:: WHAT THE EXERCISE ASKS ::
From the line with "Brandsläckare Housegard Vattensläckare" to the line with "Mass for Double", retype every line exactly, including those two, and leave out the rest of the data below.

:: DATA TO USE ::

----

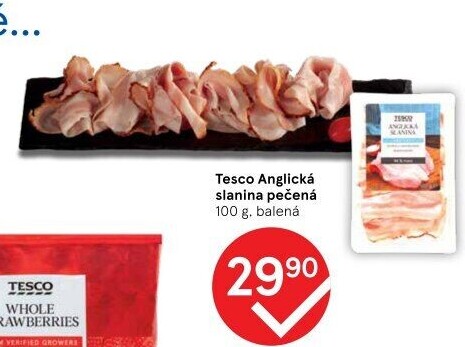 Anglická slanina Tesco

----

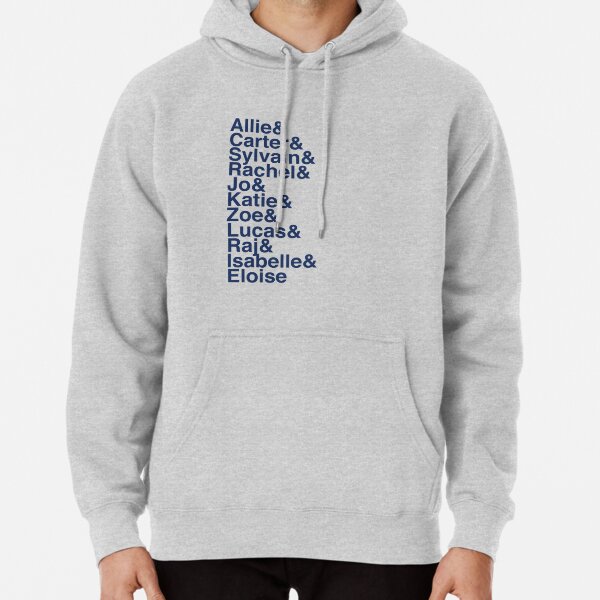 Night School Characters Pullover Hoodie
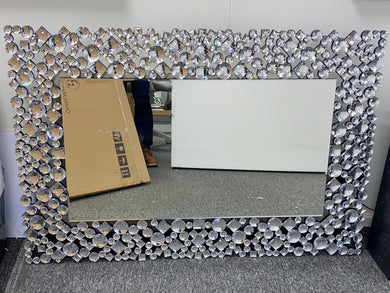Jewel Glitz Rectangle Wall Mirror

----

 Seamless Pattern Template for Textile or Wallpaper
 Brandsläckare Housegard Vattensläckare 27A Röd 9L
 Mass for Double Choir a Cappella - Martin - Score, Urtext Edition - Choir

----

:: ANSWER TO THIS PROBLEM ::
 Brandsläckare Housegard Vattensläckare 27A Röd 9L
 Mass for Double Choir a Cappella - Martin - Score, Urtext Edition - Choir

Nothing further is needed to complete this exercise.